(Records drawn from a dataset)
####

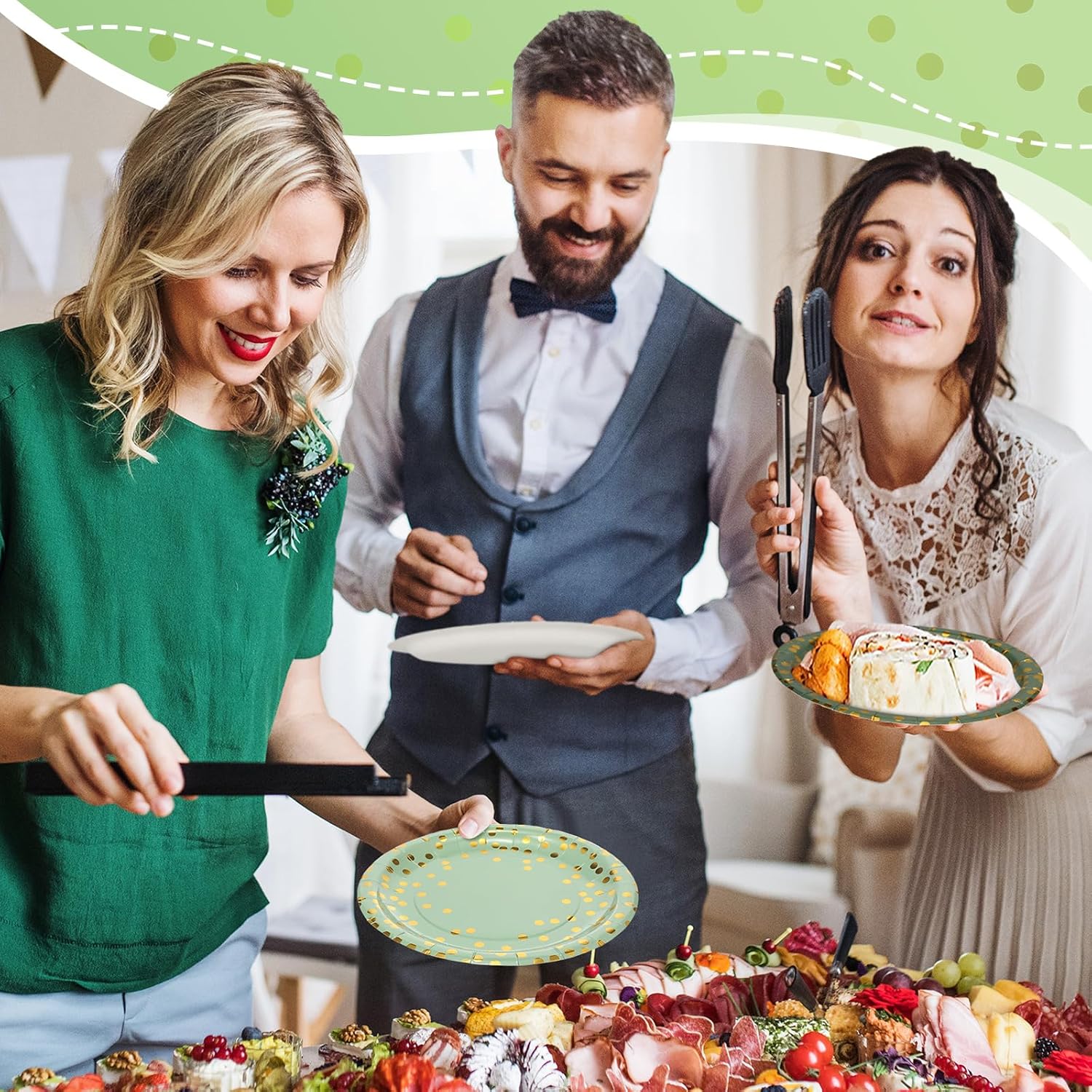 Suclain 100 Pcs Sage Green Paper Plates 9 Inch Disposable Dinner Dessert Gold and Green Party Plates for Birthday Wedding Baby Shower Bridal Shower Party Decorations Supplies - Image 5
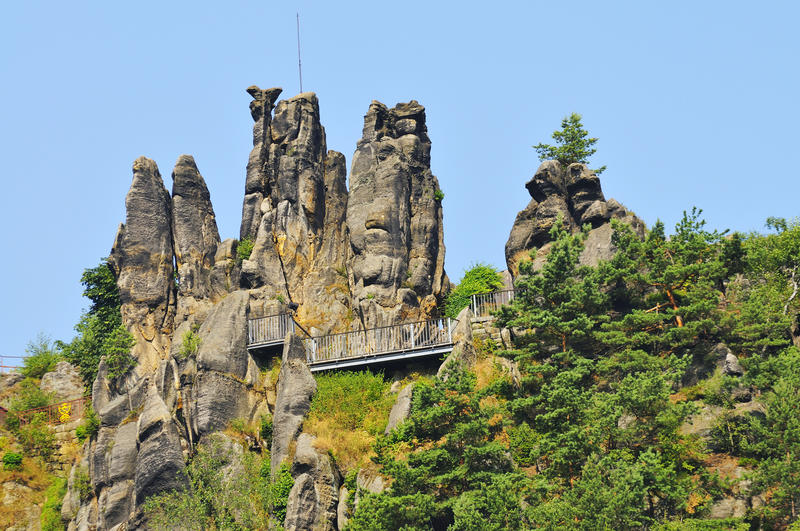 The nuns rocks in the Zittau Mountains in Saxony.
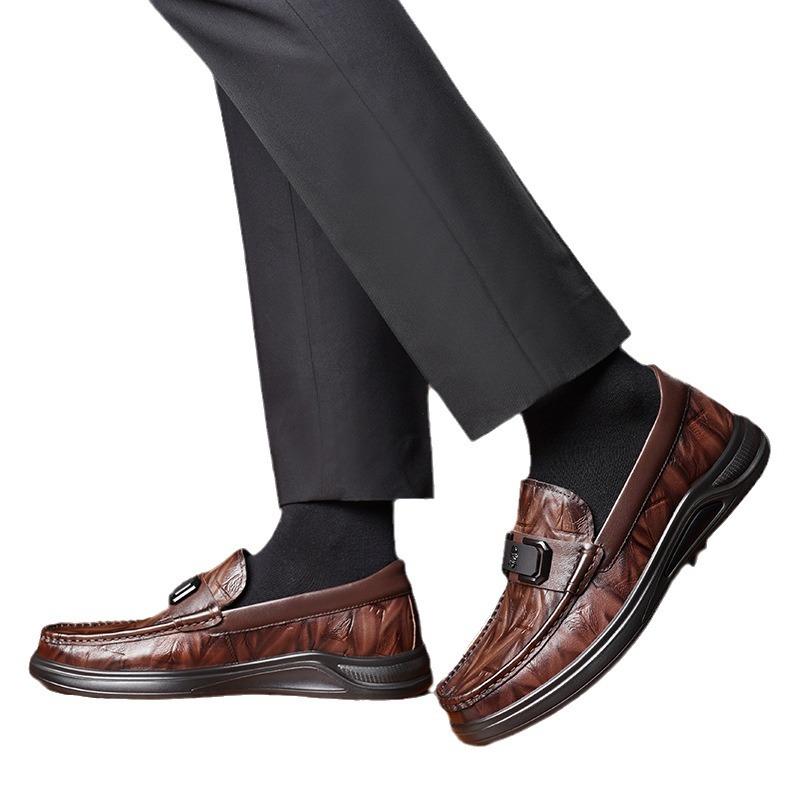 Old Man Head Cowhide Beanie Shoes Men's Shoes Men's Autumn Business Casual Leather Shoes One Pedal Loafers 5886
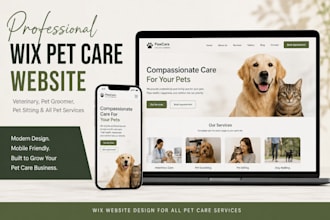 build wix pet care website veterinary, pet groomer, and pet sitting website
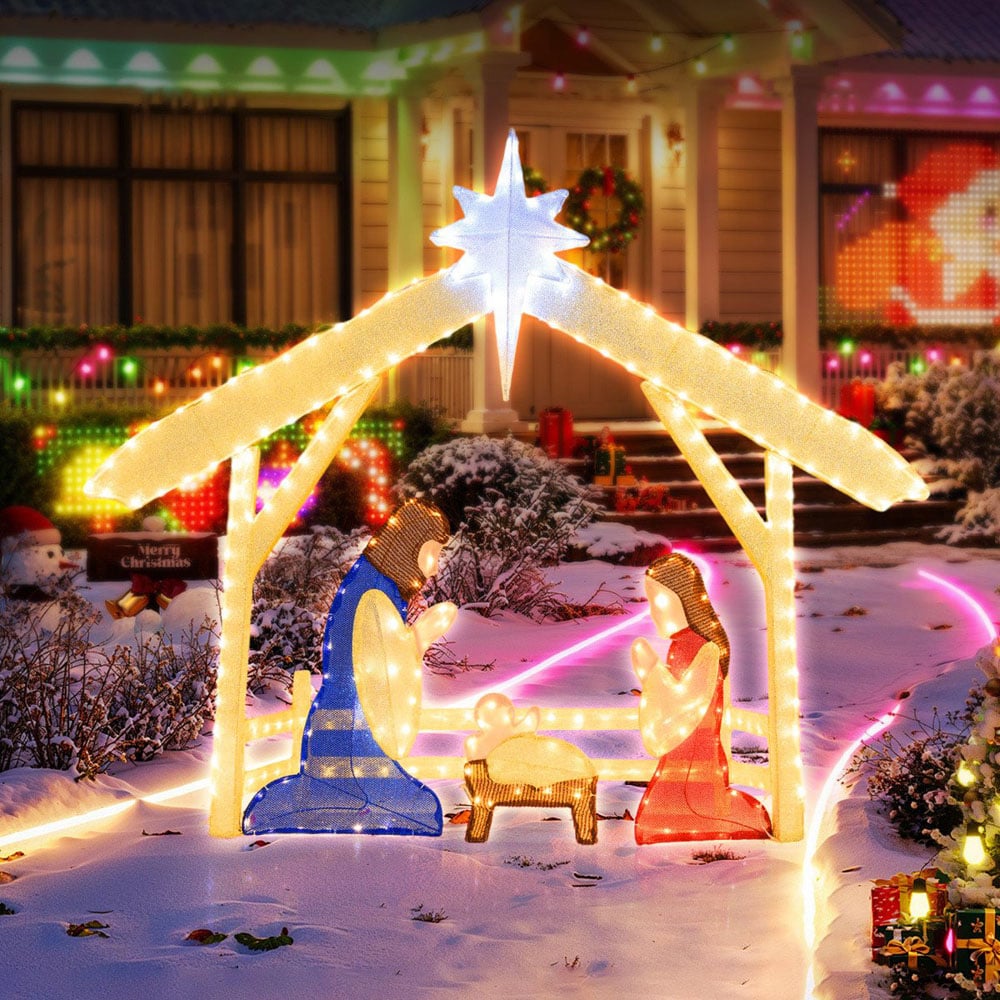 Costway Warm and Cold White 272 LED Pre-Lit Christmas Holy Family Set Image 3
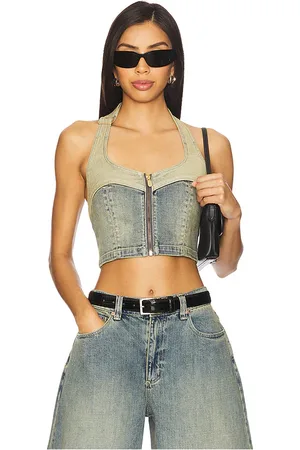 ABrand Roxie denim halter top en color azul talla L en - Blue. Talla L (también en M, S, XS).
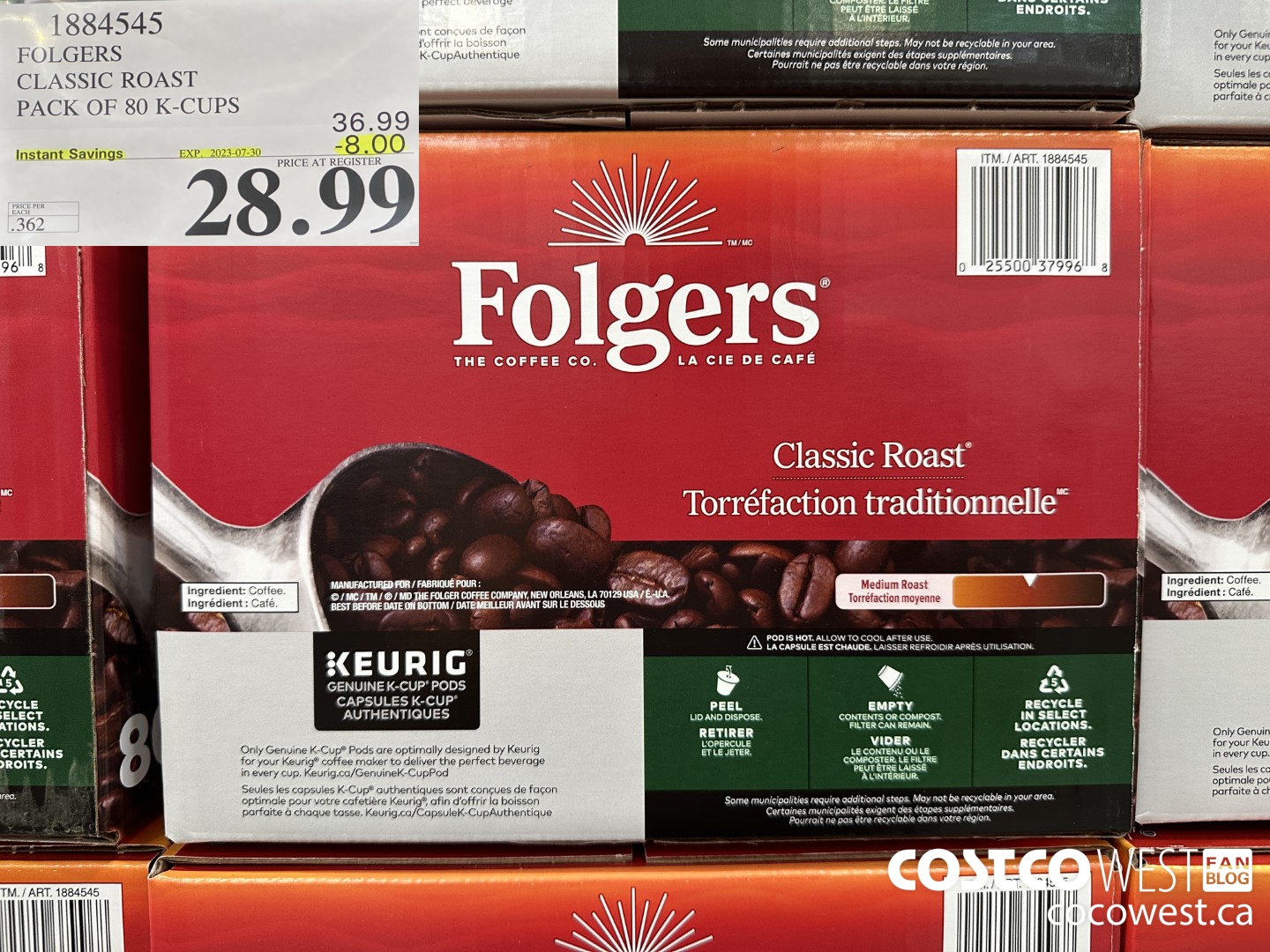 1884545 FOLGERS CLASSIC ROAST PACK OF 80 K-CUPS  ($8.00 INSTANT SAVINGS EXPIRES ON 2023-07-30) $28.99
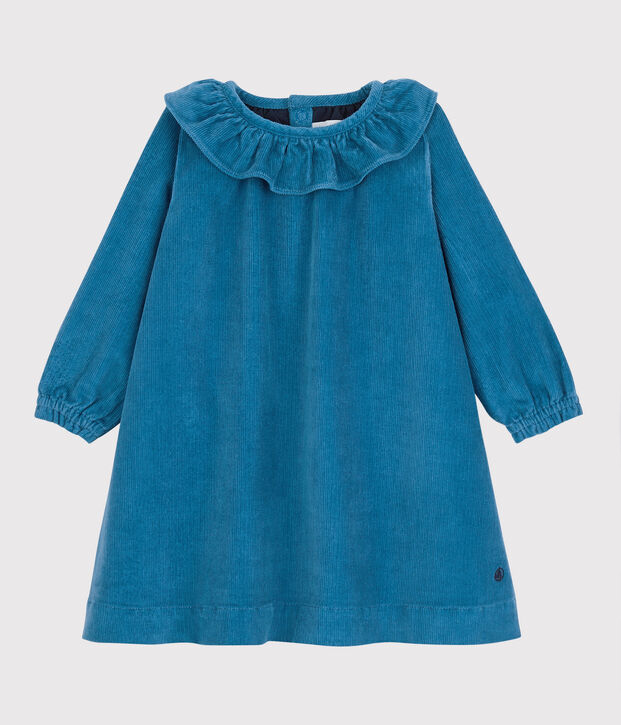 Robe en velours b&eacute;b&eacute;. bleu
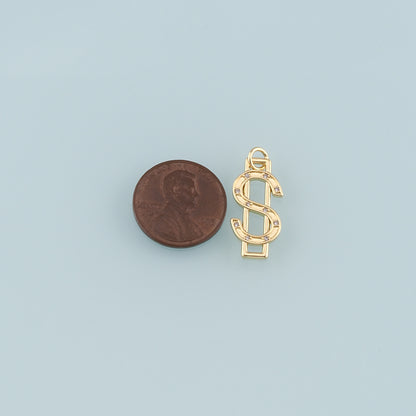 Gold Dollar Charms,18K Gold Filled Money Pendant,CZ Micro Pave Dollar Charm Bracelet Necklace for DIY Jewelry Making Supply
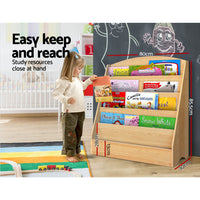 Keezi 5 Tiers Kids Bookshelf Magazine Shelf Rack Organiser Bookcase Display Kids Supplies Kings Warehouse 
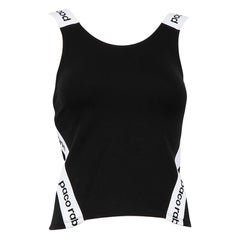 Used Paco Rabanne Black Logo Tape Tank Top Size XS
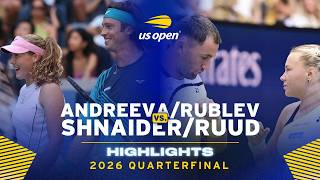 Rublev/Andreeva vs. Ruud/Shnaider Highlights | 2026 US Open Quarterfinal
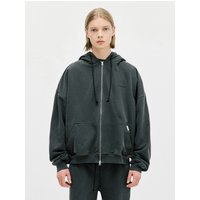 Oversized Full Zip Hoodie _ Washed Black Oversized Full Zip Hoodie _ Washed Black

####

### Problem
Look for the line that contains "Costway Warm and", then please copy it and the rest of the lines through the end of the data, pictures excluded.

### Exercise solution
 Costway Warm and Cold White 272 LED Pre-Lit Christmas Holy Family Set Image 3
 ABrand Roxie denim halter top en color azul talla L en - Blue. Talla L (también en M, S, XS).
 1884545 FOLGERS CLASSIC ROAST PACK OF 80 K-CUPS  ($8.00 INSTANT SAVINGS EXPIRES ON 2023-07-30) $28.99
 Robe en velours b&eacute;b&eacute;. bleu
 Gold Dollar Charms,18K Gold Filled Money Pendant,CZ Micro Pave Dollar Charm Bracelet Necklace for DIY Jewelry Making Supply
 Keezi 5 Tiers Kids Bookshelf Magazine Shelf Rack Organiser Bookcase Display Kids Supplies Kings Warehouse 
 Used Paco Rabanne Black Logo Tape Tank Top Size XS
 Rublev/Andreeva vs. Ruud/Shnaider Highlights | 2026 US Open Quarterfinal
 Oversized Full Zip Hoodie _ Washed Black Oversized Full Zip Hoodie _ Washed Black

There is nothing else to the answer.